╔══

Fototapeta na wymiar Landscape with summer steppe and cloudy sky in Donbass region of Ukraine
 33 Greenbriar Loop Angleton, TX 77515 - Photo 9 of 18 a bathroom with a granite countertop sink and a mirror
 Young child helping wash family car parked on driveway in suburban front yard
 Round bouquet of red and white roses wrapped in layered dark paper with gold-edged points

╚══

=== ACTIVITY ===
Collect from the data above every line that includes "with".

=== WORKED SOLUTION ===
Fototapeta na wymiar Landscape with summer steppe and cloudy sky in Donbass region of Ukraine
 33 Greenbriar Loop Angleton, TX 77515 - Photo 9 of 18 a bathroom with a granite countertop sink and a mirror
 Round bouquet of red and white roses wrapped in layered dark paper with gold-edged points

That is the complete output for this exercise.